Overall, box spread trading is only profitable when the spread values are lower than the prevailing market price on the expiration date. It offers several benefits, like earning profits from adverse market movements with lower risks.
However, it also has several disadvantages, like high commissions, minimal profits, interest rate risks, etc. Therefore, traders who are considering using a box spread trading strategy should do so with caution and seek professional advice.
Frequently Asked Questions
What are the charges applicable to options trading?
Traders have to pay brokerage charges, Security Transaction Tax (STT), Goods and Services Tax (GST), stamp duty, margins, premiums, etc.
Should I implement box spread trading strategies as a beginner?

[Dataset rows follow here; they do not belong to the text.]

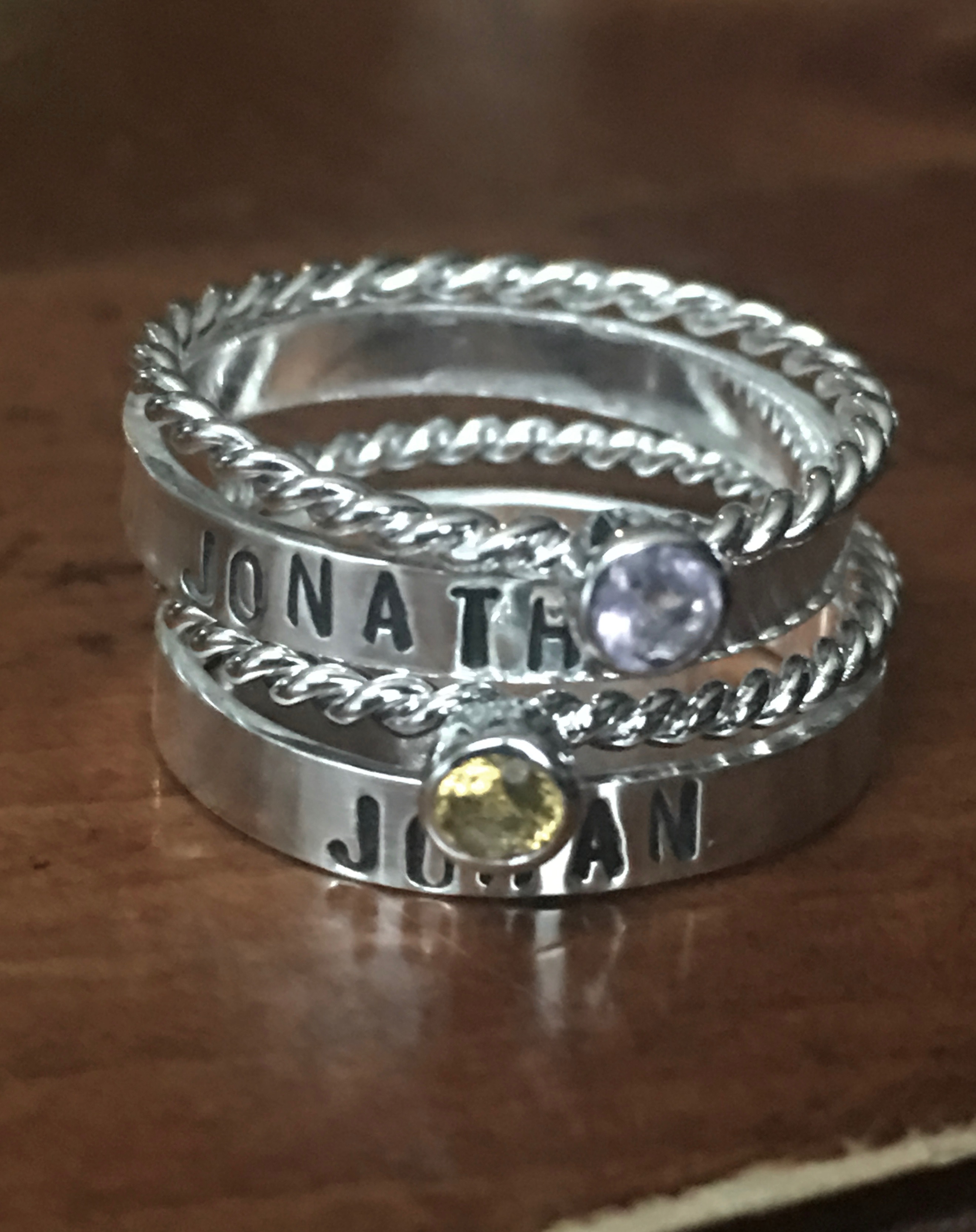 mom of two name birthstone ring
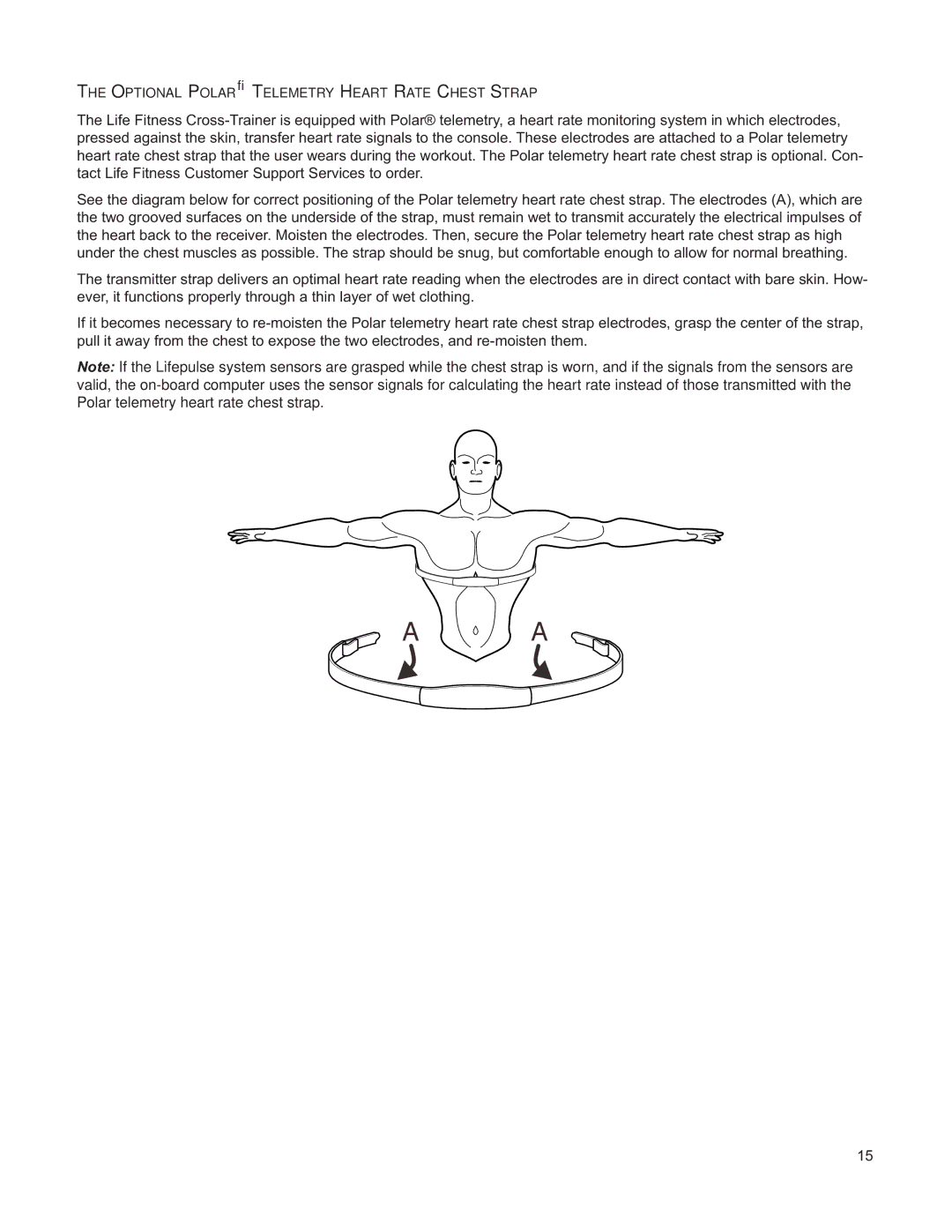 Life Fitness M051-00K61-A132 operation manual Optional Polar Telemetry Heart Rate Chest Strap 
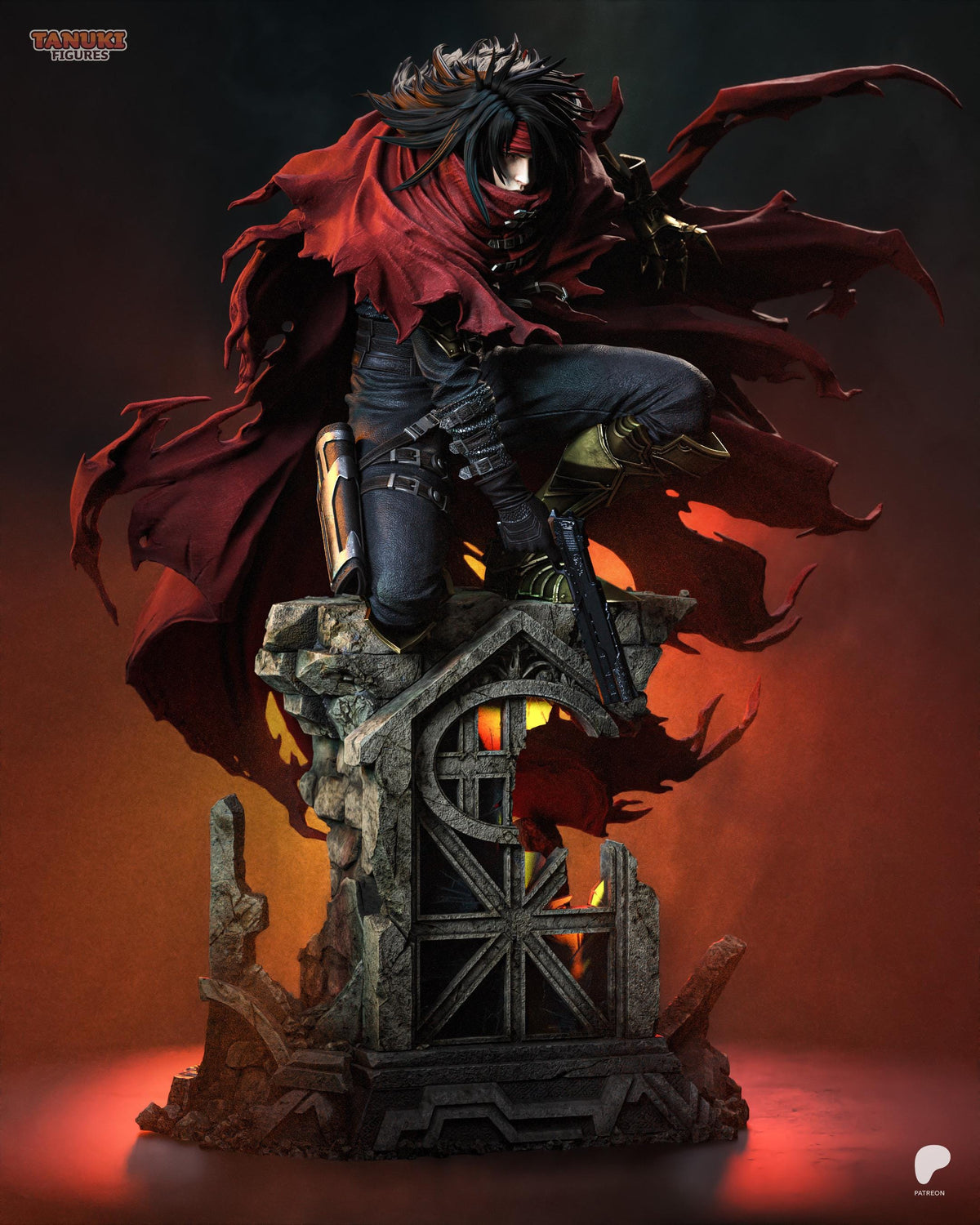 Forgotten Sins - Mysterious Crimson Gunslinger Vincent Valentine Resin Figure 16K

Box spread trading requires ample market knowledge to anticipate market momentum. Hence, it is generally suited for seasoned traders with market trade experience.
Can I use box spread trading for Nifty 50?
Yes, a box spread trading strategy can be implemented on any equity derivative including indices like Nifty 50.
What happens if the market price is lower than the strike price?
If the prevailing market price during expiration is lower than the strike price during expiration, then the contract stands unexercised and expires worthless. However, the buyer will have to pay premiums for buying call and put options.